(Source data)
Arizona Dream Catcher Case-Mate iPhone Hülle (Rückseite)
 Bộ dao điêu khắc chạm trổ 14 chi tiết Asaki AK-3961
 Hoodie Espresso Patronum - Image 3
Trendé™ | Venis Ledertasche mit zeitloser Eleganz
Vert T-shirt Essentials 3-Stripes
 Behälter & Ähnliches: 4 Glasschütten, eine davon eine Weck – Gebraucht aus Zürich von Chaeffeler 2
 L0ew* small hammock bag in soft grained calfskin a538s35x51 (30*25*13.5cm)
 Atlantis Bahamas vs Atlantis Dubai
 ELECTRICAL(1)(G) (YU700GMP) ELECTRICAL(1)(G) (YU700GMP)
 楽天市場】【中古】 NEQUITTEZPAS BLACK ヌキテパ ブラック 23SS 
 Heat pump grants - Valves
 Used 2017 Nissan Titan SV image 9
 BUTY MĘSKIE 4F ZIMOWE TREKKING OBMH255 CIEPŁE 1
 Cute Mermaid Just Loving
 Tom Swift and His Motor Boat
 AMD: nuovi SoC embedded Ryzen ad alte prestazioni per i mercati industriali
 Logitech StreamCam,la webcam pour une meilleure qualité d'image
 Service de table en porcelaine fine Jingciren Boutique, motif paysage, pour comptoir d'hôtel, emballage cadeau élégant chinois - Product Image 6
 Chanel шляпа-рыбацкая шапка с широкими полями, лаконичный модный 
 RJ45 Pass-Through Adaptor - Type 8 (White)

Task item: All that should be written out is the stretch of lines above between the one holding "Vert T-shirt Essentials 3-Stripes" and the one holding "Logitech StreamCam,la webcam", inclusive, exactly as given.

Exercise output:
Vert T-shirt Essentials 3-Stripes
 Behälter & Ähnliches: 4 Glasschütten, eine davon eine Weck – Gebraucht aus Zürich von Chaeffeler 2
 L0ew* small hammock bag in soft grained calfskin a538s35x51 (30*25*13.5cm)
 Atlantis Bahamas vs Atlantis Dubai
 ELECTRICAL(1)(G) (YU700GMP) ELECTRICAL(1)(G) (YU700GMP)
 楽天市場】【中古】 NEQUITTEZPAS BLACK ヌキテパ ブラック 23SS 
 Heat pump grants - Valves
 Used 2017 Nissan Titan SV image 9
 BUTY MĘSKIE 4F ZIMOWE TREKKING OBMH255 CIEPŁE 1
 Cute Mermaid Just Loving
 Tom Swift and His Motor Boat
 AMD: nuovi SoC embedded Ryzen ad alte prestazioni per i mercati industriali
 Logitech StreamCam,la webcam pour une meilleure qualité d'image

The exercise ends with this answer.